The interesting bit The authors built this specifically because TSDF methods like OpenChisel break when your SLAM system detects drift and snaps the trajectory back via loop closure—suddenly your fused map has two copies of the same wall occupying the same space. Surfel representation handles that correction gracefully.
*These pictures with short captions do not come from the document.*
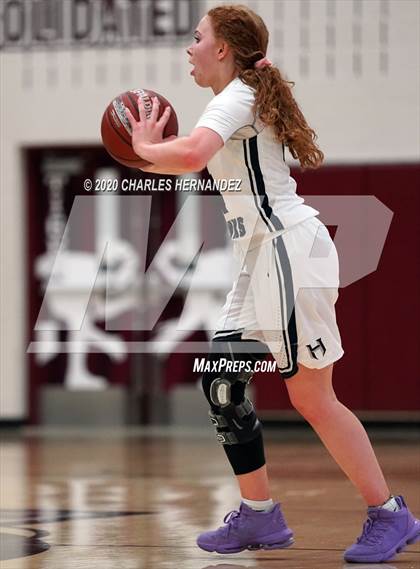 Thumbnail 3 in Hendrickson vs. Langham Creek (UIL 6A Regional Quarterfinal) photogallery.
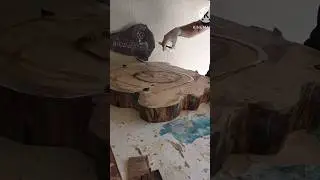 Como aplicar resina na madeira #hardwork #wood #woodwork #woodworking #resinart #mesa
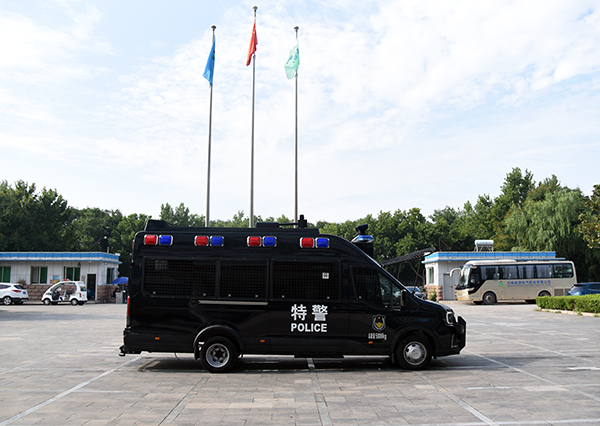 森源鴻馬防暴運(yùn)兵車發(fā)往湖南||安全維穩(wěn)  快速處置(圖4)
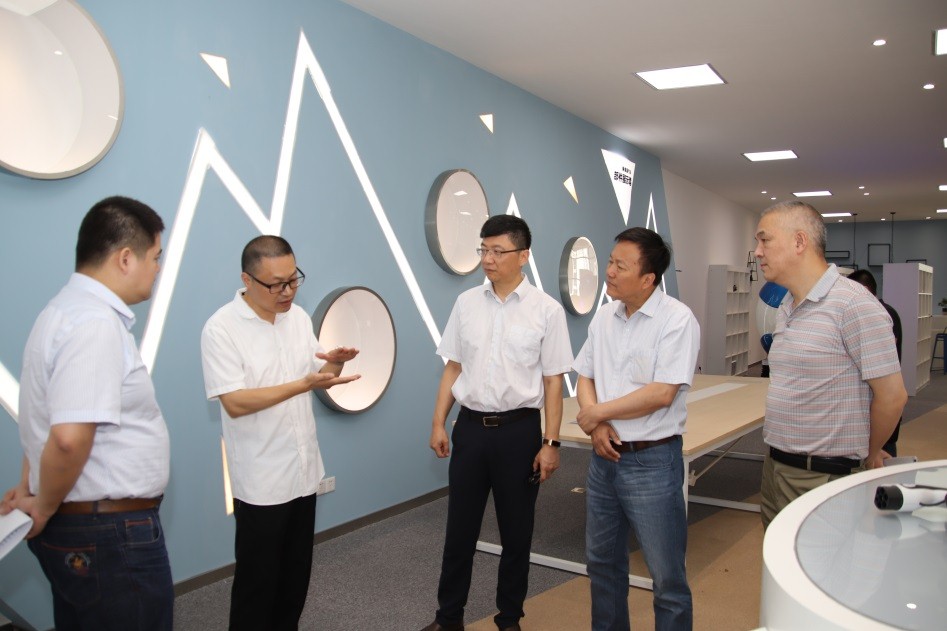 1562941389460018102.jpg 1562941389460018102.jpg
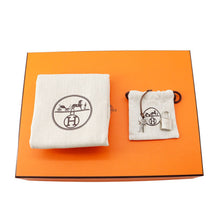 Load image into Gallery viewer, HERMES Picotin Lock Beton Taurillon Clemence Size PM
The trade-off is you get a point-soup model, not a watertight mesh.

Key highlights

  • Supports loop closure corrections without map corruption (the main pitch against TSDF alternatives)
  • CPU-only real-time operation on KITTI sequences
  • Works with stereo or monocular+depth setups; VINS-Mono branch exists but the authors note it’s “not fully checked after refactoring”
  • Ships with a KITTI sequence 00 download and a PSMNet depth publisher wrapper to get you running
  • Saves to mesh format viewable in CloudCompare

Caveats

  • The VINS-Mono branch comes with an explicit “not fully checked” warning from the authors themselves
  • Setup is manual: four terminal windows, hardcoded paths in shell scripts, and a launch file path that still contains /home/wang/software/
  • The “teach-and-repeat” VINS application shown in the video is not yet open-sourced

Verdict Grab this if you’re running ORB-SLAM2 or VINS-Mono and need dense output without GPU memory pressure. Skip if you need production-ready VINS integration today, or if you want turnkey installation.